Candidate tunnel group (CTG)

The group of tunnels available for PPL, selected first by “local colors” and then filtered using metrics like latency and loss. A maximum of eight tunnels can be part of the CTG.

Path selection

Determines how each flowlet is sent across the reasonably available tunnels in the CTG, using round-robin distribution.


Sequence of events for PPL

The sender device receives traffic from service-side VPNs and checks it against the traffic data policy for PPL rules. If matched, the sender splits the flow into flowlets and forwards them over reasonably available tunnels in the Candidate Tunnel Group. The receiver device collects and re-orders the flowlets as needed, then forwards the reordered flows into the appropriate service VPNs.

See the illustration to understand the sequence of events.


Benefits of PPL in Cisco SD-WAN

Benefits of PPL:
  • Adaptibility: Adjusts quickly to changes in network conditions to keep performance steady.

  • Bandwidth and resource utilization: Combines the capacity of multiple WAN links for higher data transfer rates.

    Uses all available network paths to make the optimal usage of bandwidth.

  • Performance: Increases speed and efficiency for elephant flows.

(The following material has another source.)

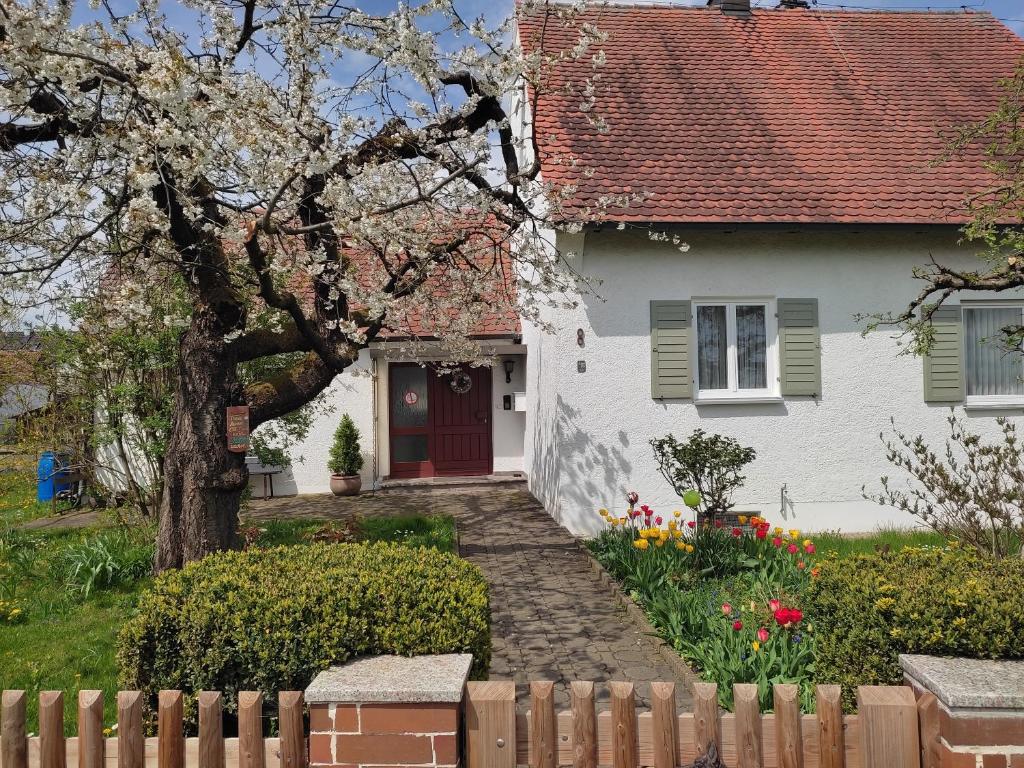 une maison blanche avec une porte rouge et une clôture dans l'établissement Oma‘s Häuschen, à Schwenningen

    Supports applications that need more bandwidth than a single link can provide.


Use cases for PPL

Scenario 1: Managing AI traffic between offices and data centers

AI tasks often involve sending large amounts of information from local offices to a central data center for processing. At the same time, users need quick, real-time responses from AI tools. This traffic is unpredictable and comes in sudden bursts. When all this data is forced through a single network path, it can create network congestion, leading to slow AI performance and delayed data uploads.

How does PPL help?

PPL breaks these large data streams into smaller, manageable pieces and sends them across all available network connections at once. This prevents any single connection from becoming overloaded.

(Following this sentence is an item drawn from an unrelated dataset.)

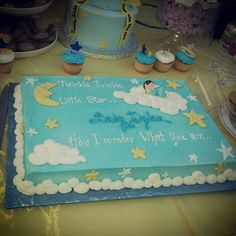 there is a blue cake with stars and clouds on it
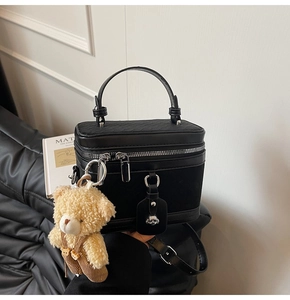Détail du sac bowling en similicuir noir avec rabat tressé et charm ours en peluche beige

Scenario 2: High-volume workload transfers and backups in enterprise environments

Enterprise environments routinely perform large-scale data transfers for activities such as workload upgrades, Windows operating system or application updates, data center backups, and disaster recovery operations. These scenarios often require moving significant amounts of data between endpoints. Such transfers can easily exceed the capacity of individual WAN circuits, especially when using multiple mid-sized links.

How does PPL help?

PPL splits large, single flows into multiple flowlets and distributes them across all available WAN circuits. This approach maximizes total available bandwidth, prevents any single link from being overwhelmed, and ensures that even deprioritized or non-critical traffic, like updates and backups, completes efficiently without impacting business-critical applications.


Supported platforms for PPL

These tables outline the supported hardware models and their corresponding DRAM requirements for Receiver and Sender PPL roles.

Table 1. Receiver PPL supported platforms

Model

Minimum DRAM

C8500-12X4QC

32 GB

C8500-20X6C

64 GB

C8570-G2

32 GB

C8300-2N2S-6T

16 GB

C8300-2N2S-4T2X

16 GB

Table 2. Sender PPL supported platforms

Model

Minimum DRAM

C8300-2N2S-4T2X 16 GB
C8300-2N2S-6T 16 GB
C8500L-8S4X 15 GB
C8475-G2 32 GB
C8455-G2 32 GB
C8500-12X4QC 16 GB
C8500-12X 16 GB
C8550-G2 32 GB
Note

Receiver platforms can act as senders, but sender platforms cannot act as receivers.


Restrictions for PPL

Restrictions for PPL:

  • Maximum senders: A receiver can only support up to 256 senders.

  • Maximum receivers: A sender can only support up to 512 receivers.

  • PPL data policy: You can configure PPL data policy action only in the ‘from-service’ direction.

    Do not use packet duplication (packet dup) or forward error correction (FEC) actions with PPL.

  • SLA classes: Limit SLA classes to 14 to reserve one for PPL. If 15 SLA classes are configured, remove one and reload the device before configuring PPL.

  • Multicast traffic: Multicast traffic is not supported with PPL.

  • Service insertion: Service insertion is not supported with PPL.

  • Parallel routing configurations: Sender cannot be configured with any parallel routing decisions such as next-hop, and remote-TLOC through data policy when PPL is enabled.